EXERCISE:
Could you repeat all of the entries word for word, minus any pictures?

GIVEN RECORDS:
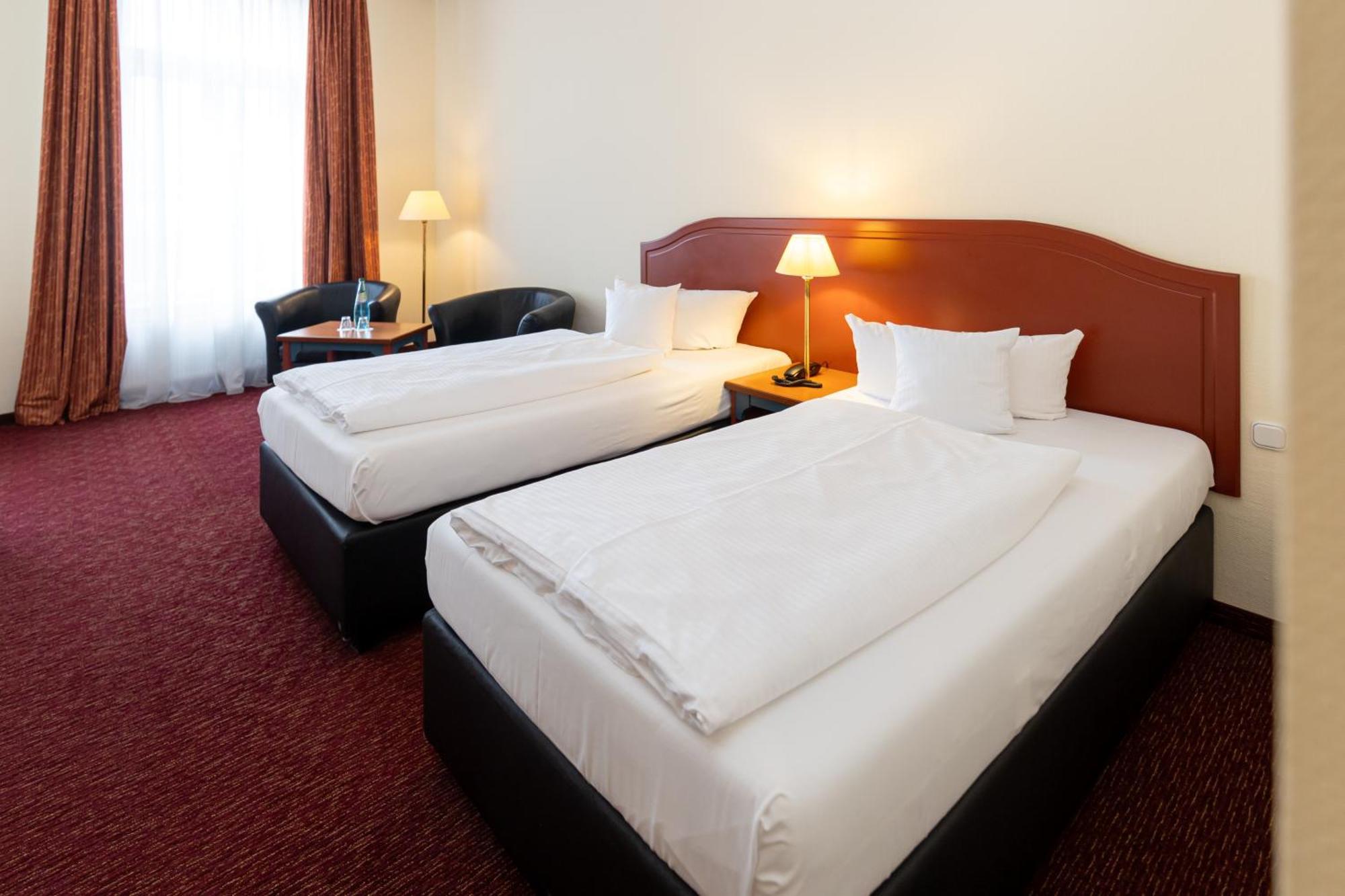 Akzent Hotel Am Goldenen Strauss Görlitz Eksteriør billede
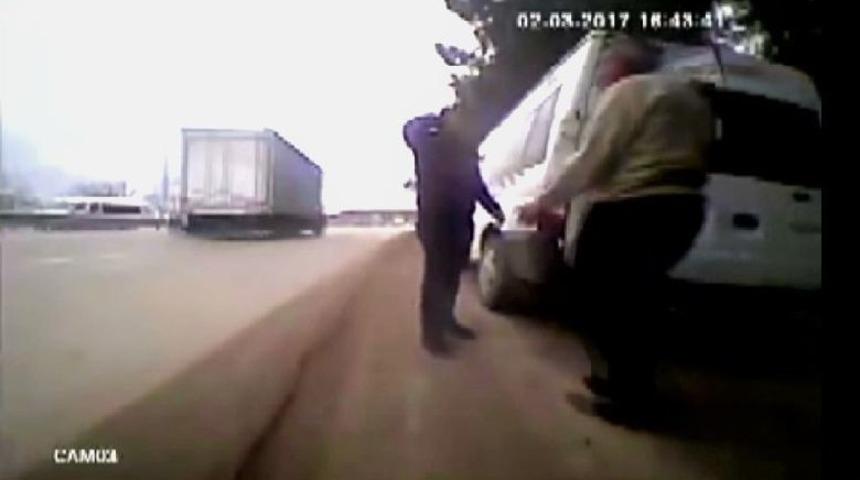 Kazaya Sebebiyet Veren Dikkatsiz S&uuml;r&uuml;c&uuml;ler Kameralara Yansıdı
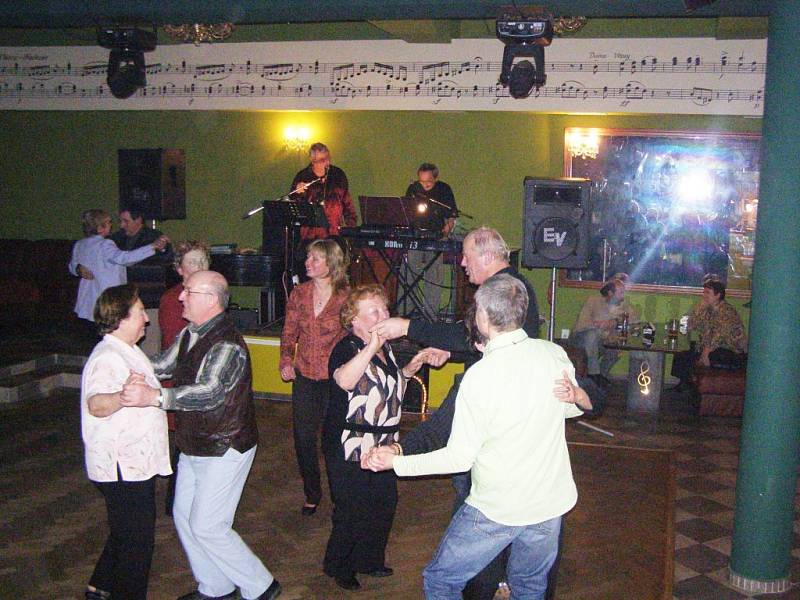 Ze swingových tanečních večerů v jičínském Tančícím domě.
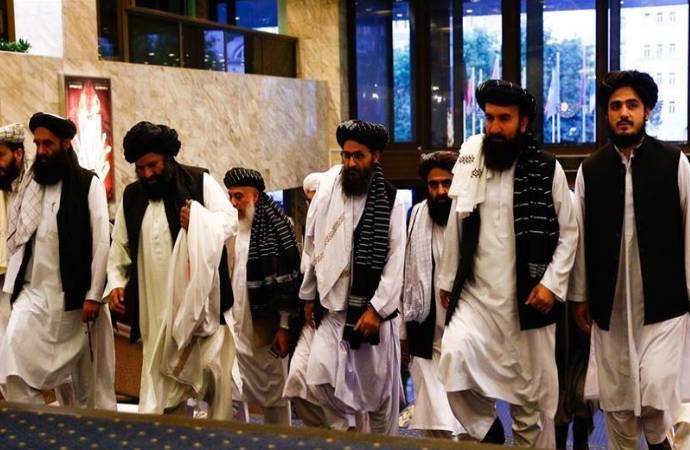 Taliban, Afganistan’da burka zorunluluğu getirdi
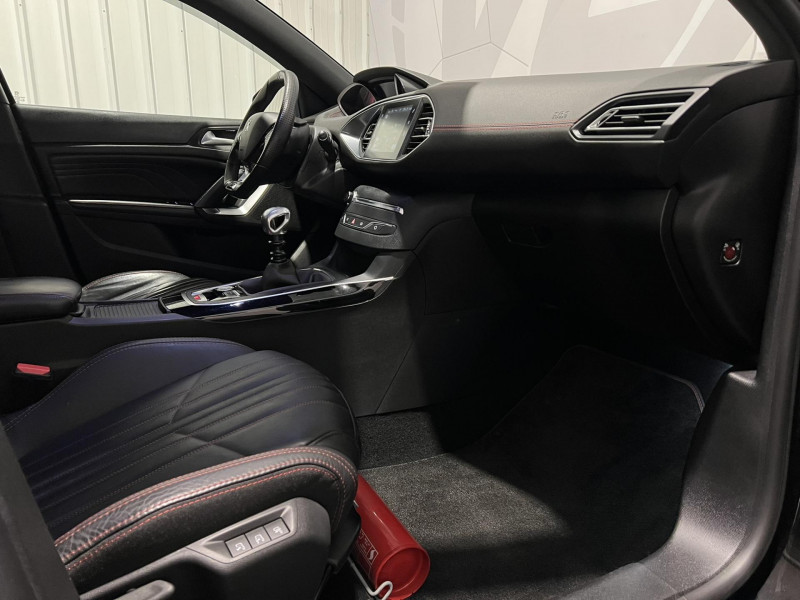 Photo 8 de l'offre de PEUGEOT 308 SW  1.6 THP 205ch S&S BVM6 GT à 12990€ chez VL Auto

TASK ANSWER:
 Akzent Hotel Am Goldenen Strauss Görlitz Eksteriør billede
 Kazaya Sebebiyet Veren Dikkatsiz S&uuml;r&uuml;c&uuml;ler Kameralara Yansıdı
 Ze swingových tanečních večerů v jičínském Tančícím domě.
 Taliban, Afganistan’da burka zorunluluğu getirdi
 Photo 8 de l'offre de PEUGEOT 308 SW  1.6 THP 205ch S&S BVM6 GT à 12990€ chez VL Auto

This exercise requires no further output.